As I would be in these yoga poses in the first year of doing yoga, sometimes I would want to cry and the yoga teacher would say that these poses can bring up emotions and stuff. And I would think of my daughter’s physical discomfort because I would be in physical discomfort in this pose. I would think about her and I feel so sad that she went through this. I would try to breathe through it and just sit with it and work through it and it would also bring up a lot of emotions. I had to learn to sit with the pain.
Mother
You find that you have no energy when the grieving process is so exhausting so I’m trying to fill the well, if that makes sense. My reserves are empty, so I’m kind of trying to recharge my batteries. That’s what I’m finding is helpful in my journey in recovery.
Mother
The challenge
I am going through a process now trying to figure out what I want to do and what I want to focus on more. I’m fortunate that I have music to fill some of that time, but it’s definitely a challenge.
Mother
Music
Music is something else that can also be very helpful, to find music that’s encouraging and uplifting.
Mother
“Somewhere Between Heaven and Earth”
Cindy Bullens is a woman who put out a CD for grief called “Somewhere Between Heaven and Earth” and she has performed all over the country and has helped grieving parents. We actually had her perform at our fundraiser. Her music puts to words what we feel. When somebody introduced me to this CD two years after my daughter died, I played it over and over. She has a web site. Her daughter died at eleven years old from cancer. Each song addresses what it’s like to live with grief and find strength and hope.

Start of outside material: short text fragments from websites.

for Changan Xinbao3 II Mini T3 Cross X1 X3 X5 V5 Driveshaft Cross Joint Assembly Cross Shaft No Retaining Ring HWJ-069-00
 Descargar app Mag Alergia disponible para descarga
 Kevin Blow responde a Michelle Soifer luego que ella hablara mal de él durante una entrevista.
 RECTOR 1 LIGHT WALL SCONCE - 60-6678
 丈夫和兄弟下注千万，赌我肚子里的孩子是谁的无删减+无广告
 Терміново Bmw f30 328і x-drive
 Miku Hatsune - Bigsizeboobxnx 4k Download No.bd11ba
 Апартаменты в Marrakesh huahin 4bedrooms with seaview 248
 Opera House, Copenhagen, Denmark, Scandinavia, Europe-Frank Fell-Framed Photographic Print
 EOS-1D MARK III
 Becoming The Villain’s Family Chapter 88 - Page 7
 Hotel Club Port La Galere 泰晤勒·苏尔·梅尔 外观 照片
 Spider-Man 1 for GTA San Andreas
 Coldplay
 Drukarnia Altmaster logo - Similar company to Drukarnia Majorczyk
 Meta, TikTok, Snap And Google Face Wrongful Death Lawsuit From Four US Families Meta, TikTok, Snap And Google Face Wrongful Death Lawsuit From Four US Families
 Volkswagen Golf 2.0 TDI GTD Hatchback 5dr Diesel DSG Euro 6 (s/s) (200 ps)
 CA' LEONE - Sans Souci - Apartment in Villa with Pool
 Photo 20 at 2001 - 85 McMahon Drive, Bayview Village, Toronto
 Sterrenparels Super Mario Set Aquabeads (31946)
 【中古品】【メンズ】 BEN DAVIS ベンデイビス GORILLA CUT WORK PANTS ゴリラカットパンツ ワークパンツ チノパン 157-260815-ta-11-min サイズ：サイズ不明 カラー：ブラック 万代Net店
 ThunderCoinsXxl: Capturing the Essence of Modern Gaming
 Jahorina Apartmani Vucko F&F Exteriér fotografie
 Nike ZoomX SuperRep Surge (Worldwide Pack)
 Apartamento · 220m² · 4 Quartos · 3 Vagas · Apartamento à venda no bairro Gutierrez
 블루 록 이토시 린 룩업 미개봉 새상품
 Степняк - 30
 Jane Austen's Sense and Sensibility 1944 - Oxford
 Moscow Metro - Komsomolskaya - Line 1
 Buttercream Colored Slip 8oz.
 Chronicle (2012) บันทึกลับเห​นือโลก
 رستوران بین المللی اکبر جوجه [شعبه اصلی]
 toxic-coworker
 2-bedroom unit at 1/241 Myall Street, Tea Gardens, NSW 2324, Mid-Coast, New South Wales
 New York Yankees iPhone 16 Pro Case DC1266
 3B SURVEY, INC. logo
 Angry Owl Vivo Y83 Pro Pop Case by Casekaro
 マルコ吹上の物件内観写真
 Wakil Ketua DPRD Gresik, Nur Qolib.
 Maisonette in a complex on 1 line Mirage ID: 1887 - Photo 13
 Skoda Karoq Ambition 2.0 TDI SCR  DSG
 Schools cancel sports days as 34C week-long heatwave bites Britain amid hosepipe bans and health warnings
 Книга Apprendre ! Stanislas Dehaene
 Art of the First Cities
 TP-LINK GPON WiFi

She has songs like “I’ve got to believe in something.” Her songs talk about how nothing can take that love away and just navigating through grief. It’s just very hopeful music of survival of grief, but validates the deep pain and it was one of the most instrumental things that helped in my grief was this music…
Mother
Nobody knows what to say and whether to bring up your child, or not. My husband and I are both open people and we’ve had a lot of people say to us “It really helps that you bring him up because we don’t want to. We don’t know if you want to talk about it or don’t want to talk about it…” I think open communication helps.
Mother
Seeing the right counselor together
My husband and I have opted to go to counseling together just because we had so much turmoil on top of losing Paulina, and thank God we’ve got the most amazing relationship you could imagine. But we just want to make sure that that stays intact. And so we’re seeing a counselor who specializes in chronic illness, not that we’re chronically ill, thank goodness, but who understands what it’s like to be in hospital long term, living day to day by numbers. So that’s been extremely useful.